BACKGROUND AND AIM: Canine parvovirus (CPV) is the most important viral cause of enteritis and mortality in pups. Evaluation and monitoring of pre- and post-vaccine immune responses may help to determine the efficacy of the current vaccination schedule being followed in pups in India. This study aimed to evaluate and monitor the pre- and post-vaccine immune responses of CPV vaccinated pups using hemagglutination inhibition (HI) assay. The neutralizing antibody titer levels were also detected using serum neutralization test (SNT).
MATERIALS AND METHODS: The pups were categorized into two groups, the double booster and the single booster groups.
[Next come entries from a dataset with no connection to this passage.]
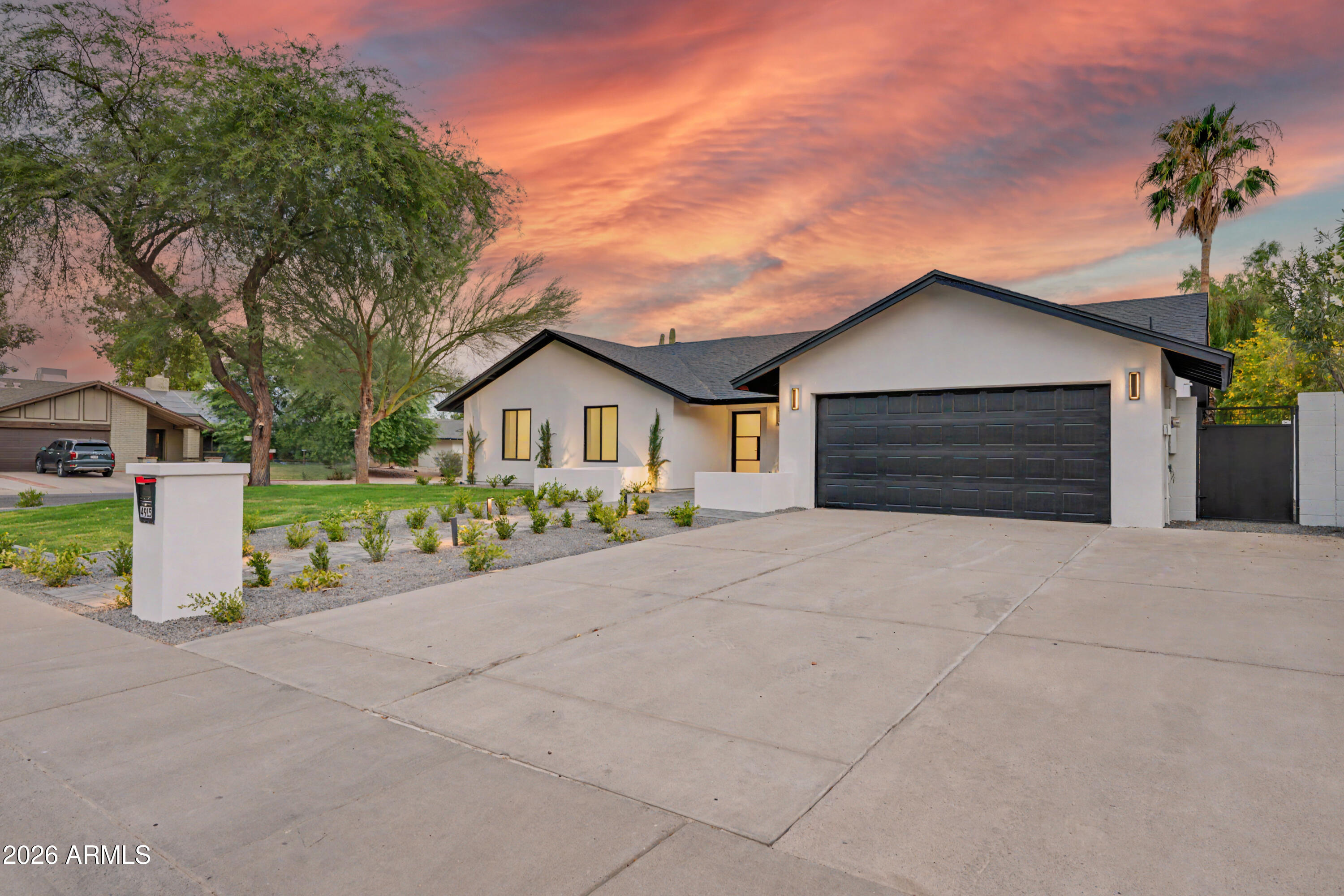 4915 E MARILYN Road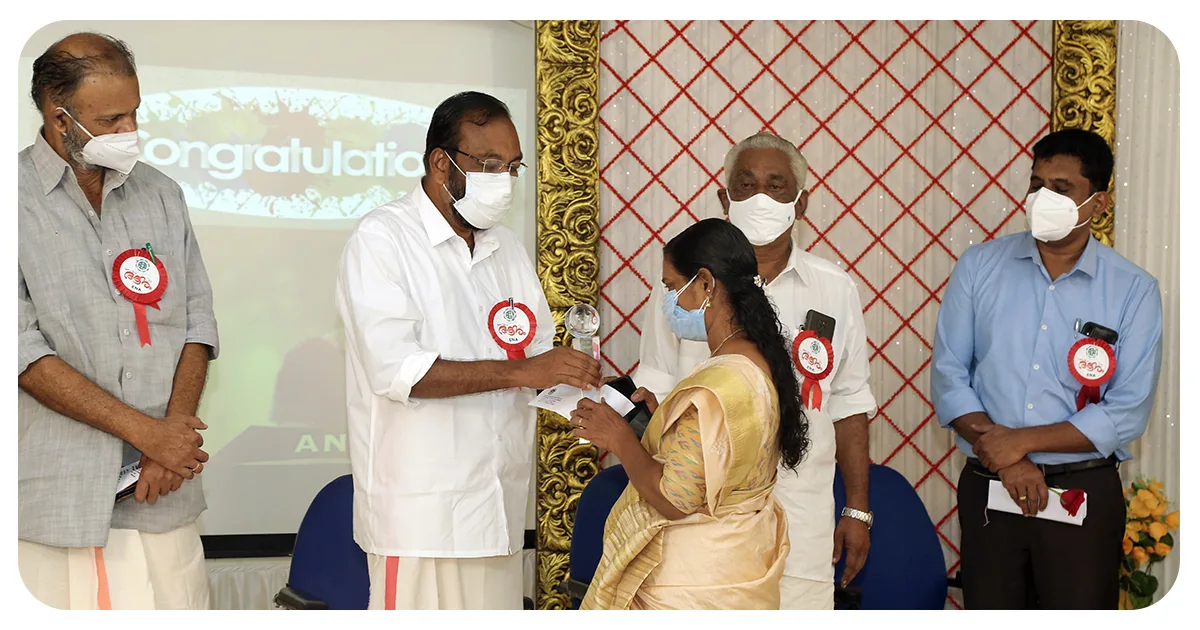 Student receiving award at Mikavinu Aadharam 2021 — Ezhuthachan College of Pharmaceutical Sciences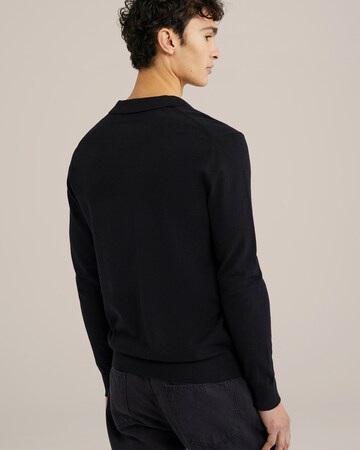 WE Fashion Sweater in Black
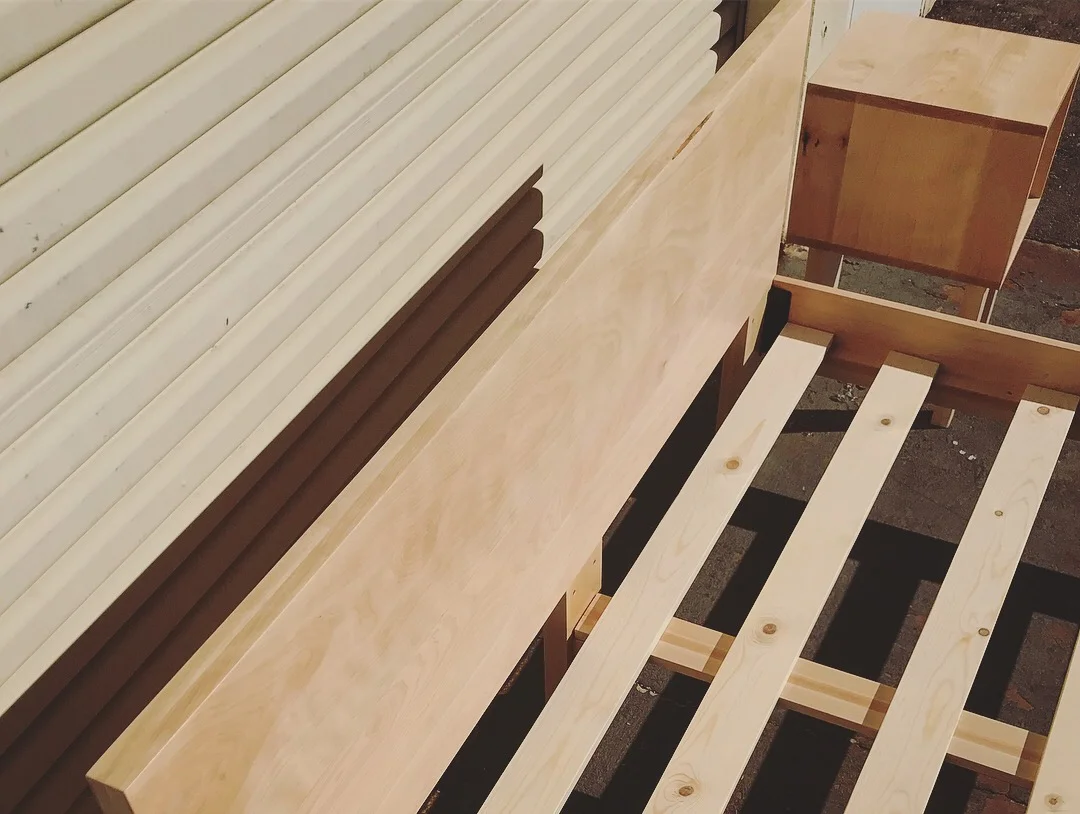 BEDFRAME & NIGHTSTANDS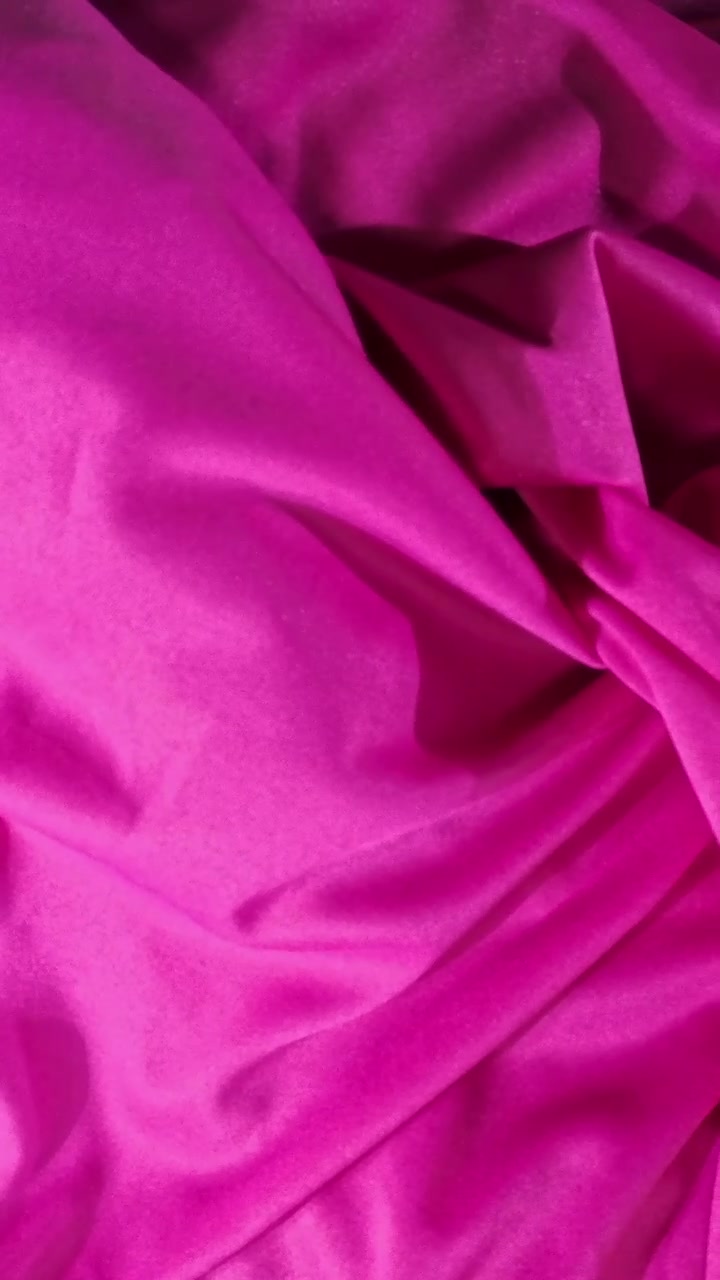 Primo piano della texture di tessuto rosa vibrante.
In this study, serum samples were subjected to HI and SNT for measuring the CPV antibody titer at frequent intervals for up to 6 months from 27 healthy pups following primary and booster CPV vaccinations.
RESULTS: The antibody titers in double booster pups reached their peaks at the 21st day after the second booster vaccination with a geometric mean (GM) of 3.57. The antibody titers in single booster pups reached their peaks at the 21st day after the first booster vaccination with a lower GM of 3.18.
CONCLUSION: The double booster pups maintained a higher immune response throughout the period of the study compared to single booster pups though the difference in titers was not statistically significant. SNT results indicated that the raised antibody titer was also able to yield virus-neutralizing antibodies. No interfering maternally derived antibodies were found in the pups at the age of primary vaccination (45th day) in our study. Therefore, the second booster vaccination may be useful in maintaining the protective titer for a prolonged period. Copyright: © Vasu, et al.

Introduction

Canine parvovirus (CPV) is an important pathogenic virus and is the causative agent of acute hemorrhagic enteritis and myocarditis in dogs. It is highly contagious and often a fatal disease. CPV-2 was first recognized in 1977 and since then, it has been well established as an enteric pathogen of dogs throughout the world with high morbidity (100%) and frequent mortality up to 10% [1]. After the emergence of CPV in the late 1970s [1,2], due to rapid evolution, new antigenic types were evolved as CPV-2a, CPV-2b (CPV2a with Asn426Asp), and CPV-2c (CPV2a with Asn426Glu) and have completely replaced the original CPV-2 [3]. At present, the original CPV-2 is not found in dog population but present only in vaccine formulations [3,4]. Commonly, CPV causes disease in unvaccinated 1-6-month-old pups. Vaccinated pups are usually protected from the disease and from infection, unless immunization fails due to the presence of high titers of maternally derived antibodies (MDAs) [5,6]. The pups with MDA titers ≥1:20 may fail to be immunized successfully and remain susceptible to infection. Maternally derived hemagglutination inhibition (HI) antibody titers ≥1:80 are believed to protect pups from infection, while titers between 1:20 and 1:80 are too low to provide protection, but high enough to prevent active immunization [7]. Earlier, one CPV-2b based vaccine was available in India, but now only CPV-2 based vaccines are widely used for immunoprophylaxis of pups. Recent studies showed that the CPV strains isolated from the field are clustering away from the vaccine strains [8]. Moreover, an increasing proportion of CPV vaccinated dogs was found susceptible to infection in India raising serious concern about the efficacy of the vaccine strains and vaccination process [9].

Most puppies in many countries are first vaccinated with a multivalent vaccine against CPV, canine distemper virus, canine adenovirus type 2, canine parainfluenza virus, and leptospirosis when they are between 6 and 8 weeks of age, with booster vaccinations being given every 3-4 weeks until the age of 16 weeks and possibly 24 weeks in high-risk breeds. All the dogs should receive a booster 1 year after completion of the initial series followed by booster every 3 years [10]. It should be a common practice to avoid direct or indirect contact with potential sources of infection such as other dogs until 1–2 weeks after completion of this course of vaccination.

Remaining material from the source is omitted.